A simple example of what opaque predicates are can be shown in the following C code:
#include <stdio.h>
int main (int argc, char **argv) {
int a=3, b=4;
if(a == b) { // opaque predicate
puts("This is never going to execute");
return 1;
}
puts("predifined control flow");
return 0;
}
This same concept can be extrapolated to more complex equalities/conditions usually appearing in high volume on a subject obfuscated application. Depending on the implementation sophistication of this technique, control flow clarity can be highly affected and therefore the interpretation and time of analysis of a subject application.
Circumvention⌗
One approach to identify opaque predicates is to use Symbolic Execution along with an SMT solver in order to check feasibility on conditional branches.
How it works:
- Execute a program sequentially while treating input values as symbols that represent all possible values.
- Add constraints on symbols.
- Path Constraint: Constraints to execute a path.
- Symbolic Store: Updated symbol information.
- When the target address of the conditional jump is reached, solve the constraints with a SMT solver and get a concrete input value.
- Need to convert IR to SMT solver-acceptable expressions.
Opaque predicates have a deterministic feasibility regardless of input values. Therefore, we can invoke a SMT solver at every conditional branch and verify whether there is an input value that evaluates the condition to a True or False result. If a subject conditional branch is not dependant on a input value the branch should be an opaque predicate. We can apply the technique discussed above and attempt to detect opaque predicates via Symbolic Execution + SMT solver.

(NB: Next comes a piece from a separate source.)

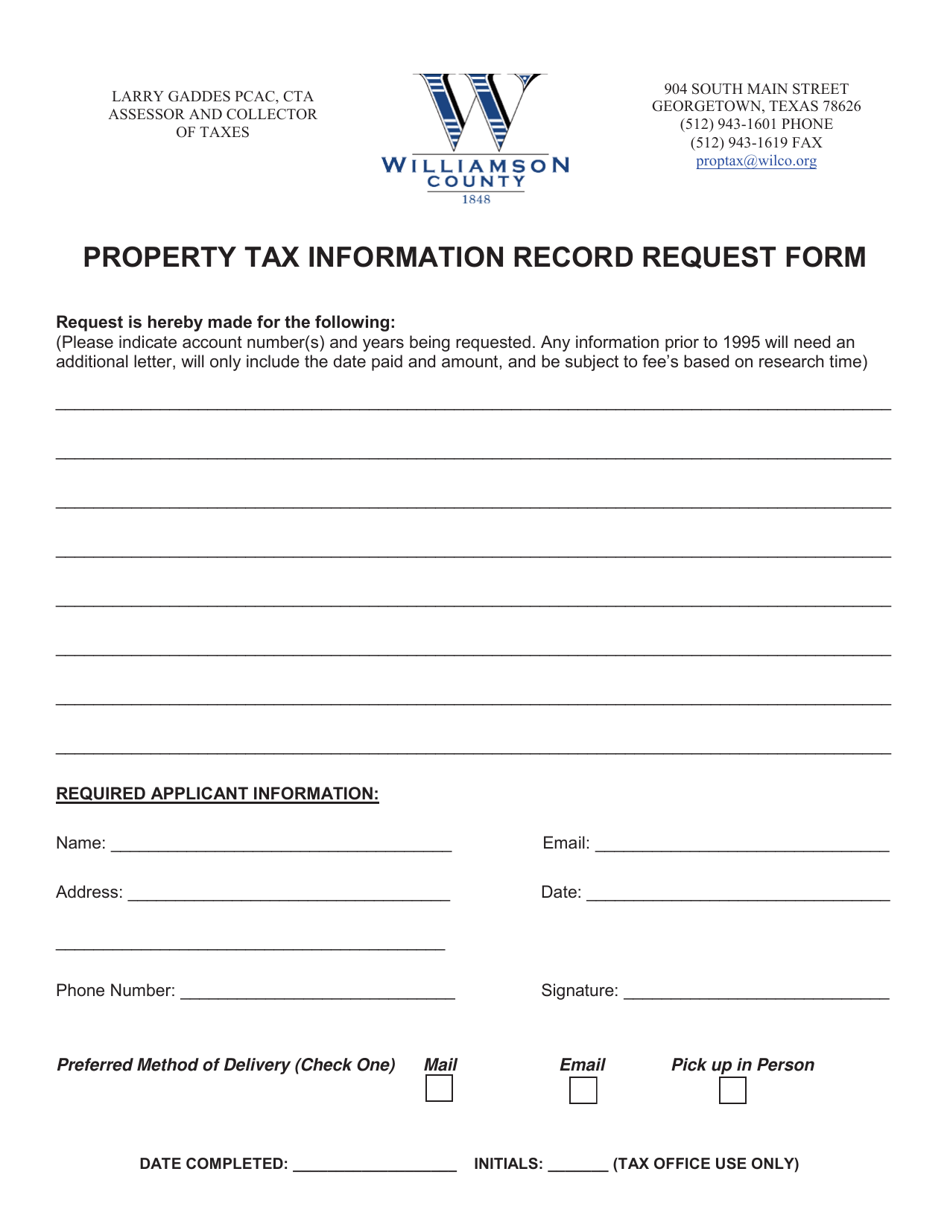 Property Tax Information Record Request Form - Williamson County, Texas, Page 1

Practical Example. Deobfuscating X-Tunnel Opaque Predicates⌗
The binary file we are going to use for this example is the following:
X-Tunnel: a979c5094f75548043a22b174aa10e1f2025371bd9e1249679f052b168e194b3
def explore(ir, start_addr, start_symbols,
ircfg, cond_limit=30, uncond_limit=100,
lbl_stop=None, final_states=[]):
def codepath_walk(addr, symbols, conds, depth, final_states, path):
...
# Instantiate MIASM Symbolic Execution Engine
sb = SymbolicExecutionEngine(ir, symbols)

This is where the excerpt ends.